* [Exercise prompt] Verbatim copy without images: repeat the records in full.

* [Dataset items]
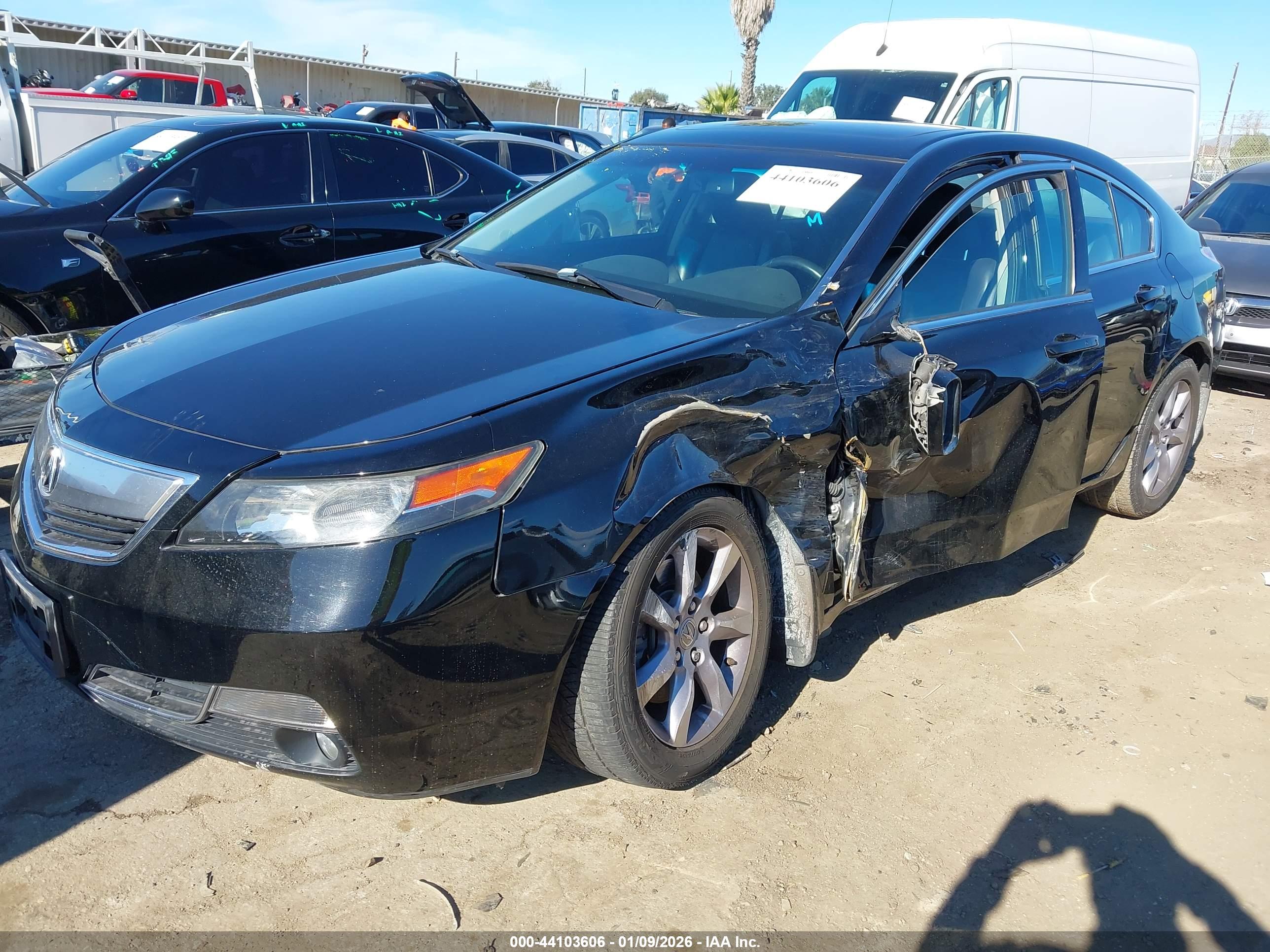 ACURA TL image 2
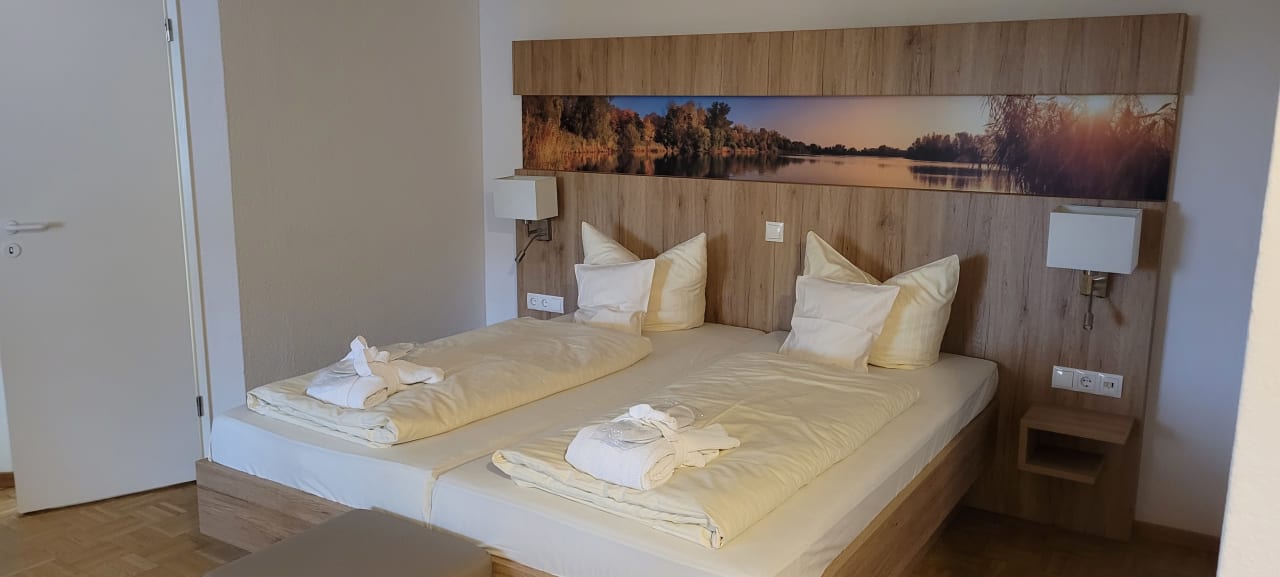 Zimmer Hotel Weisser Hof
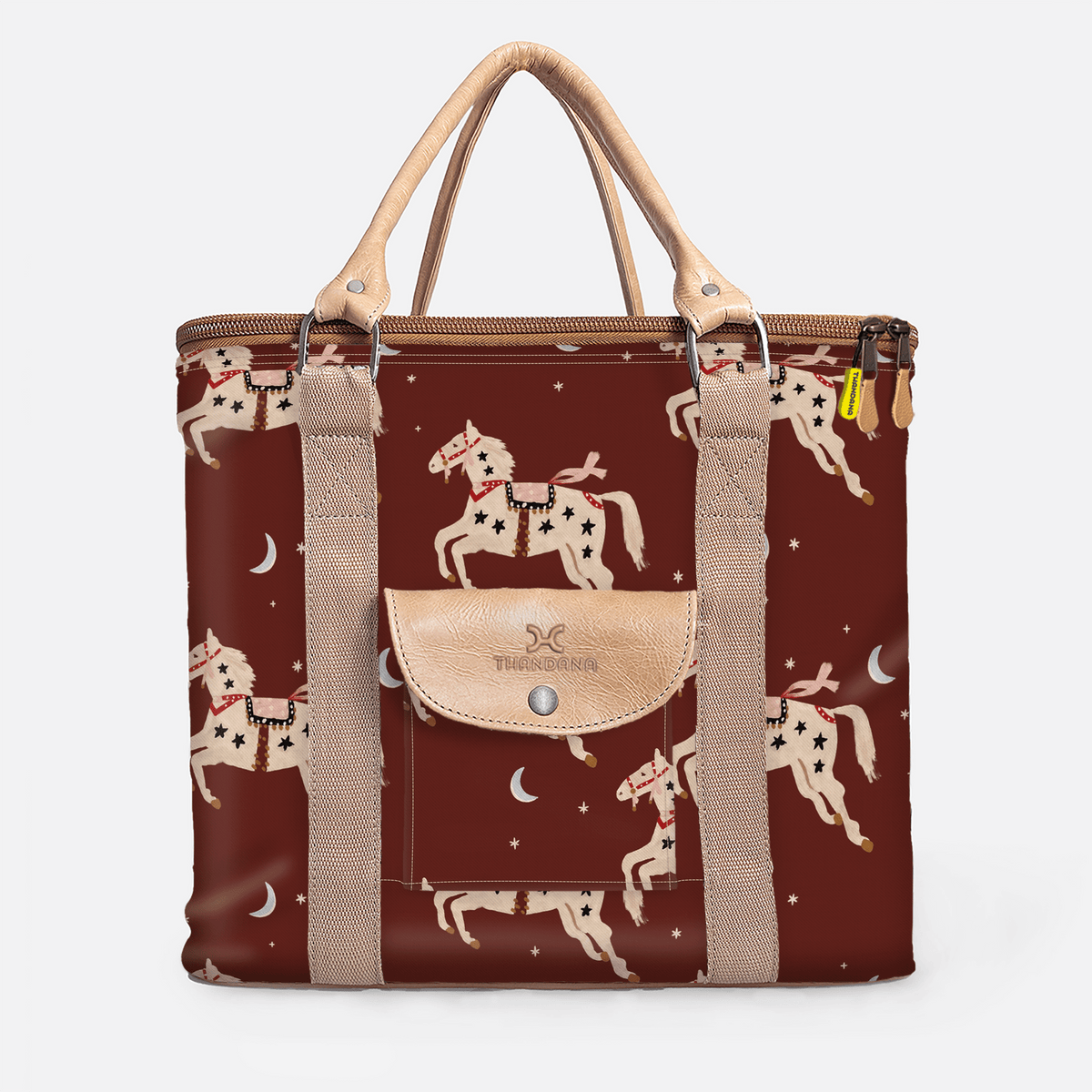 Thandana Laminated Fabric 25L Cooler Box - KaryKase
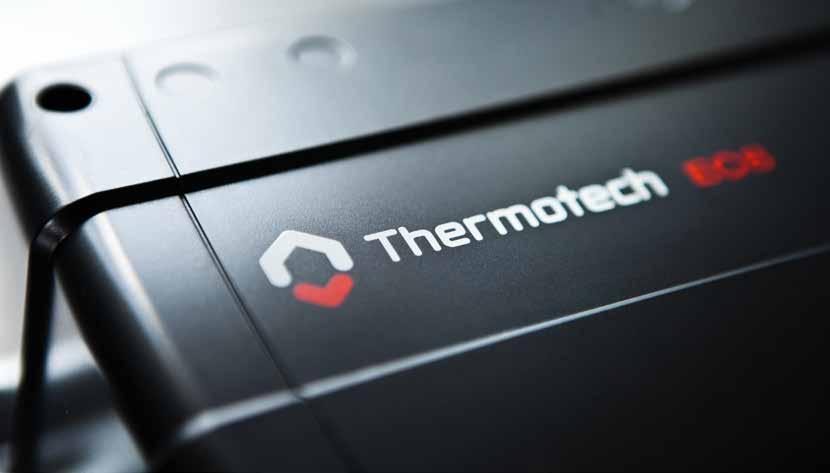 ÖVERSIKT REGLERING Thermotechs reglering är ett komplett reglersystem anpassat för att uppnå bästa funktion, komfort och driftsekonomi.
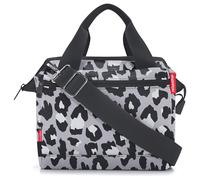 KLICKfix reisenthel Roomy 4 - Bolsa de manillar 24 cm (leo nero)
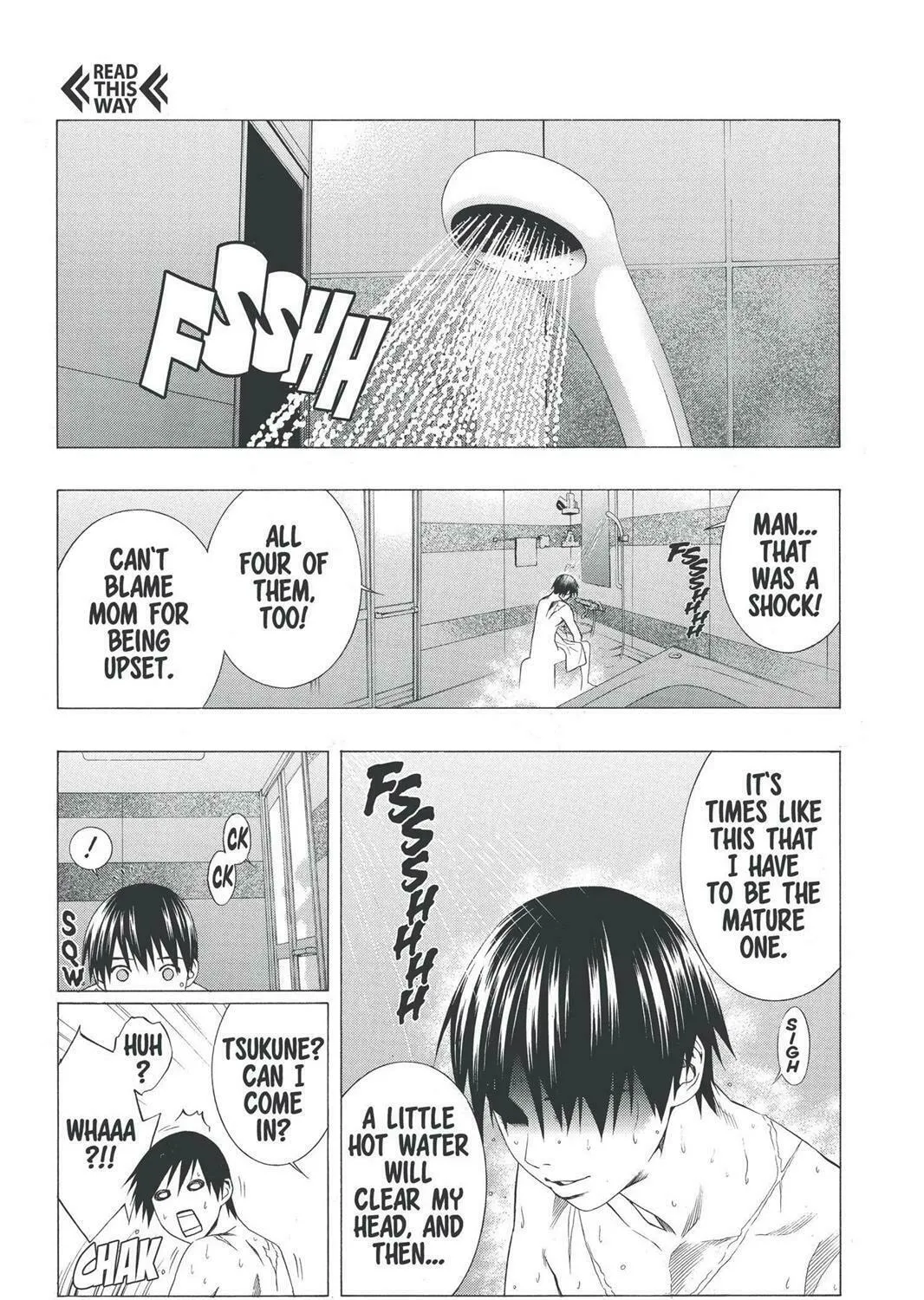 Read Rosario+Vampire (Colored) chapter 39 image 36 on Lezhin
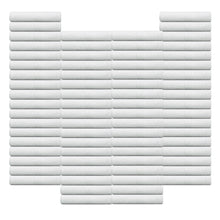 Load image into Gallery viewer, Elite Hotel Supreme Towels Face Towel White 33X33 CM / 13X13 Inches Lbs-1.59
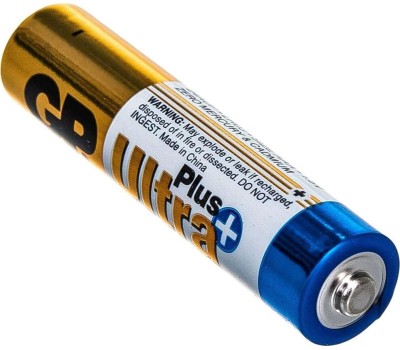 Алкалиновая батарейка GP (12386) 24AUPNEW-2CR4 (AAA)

* [Expected answer]
 ACURA TL image 2
 Zimmer Hotel Weisser Hof
 Thandana Laminated Fabric 25L Cooler Box - KaryKase
 ÖVERSIKT REGLERING Thermotechs reglering är ett komplett reglersystem anpassat för att uppnå bästa funktion, komfort och driftsekonomi.
 KLICKfix reisenthel Roomy 4 - Bolsa de manillar 24 cm (leo nero)
 Read Rosario+Vampire (Colored) chapter 39 image 36 on Lezhin
 Load image into Gallery viewer, Elite Hotel Supreme Towels Face Towel White 33X33 CM / 13X13 Inches Lbs-1.59
 Алкалиновая батарейка GP (12386) 24AUPNEW-2CR4 (AAA)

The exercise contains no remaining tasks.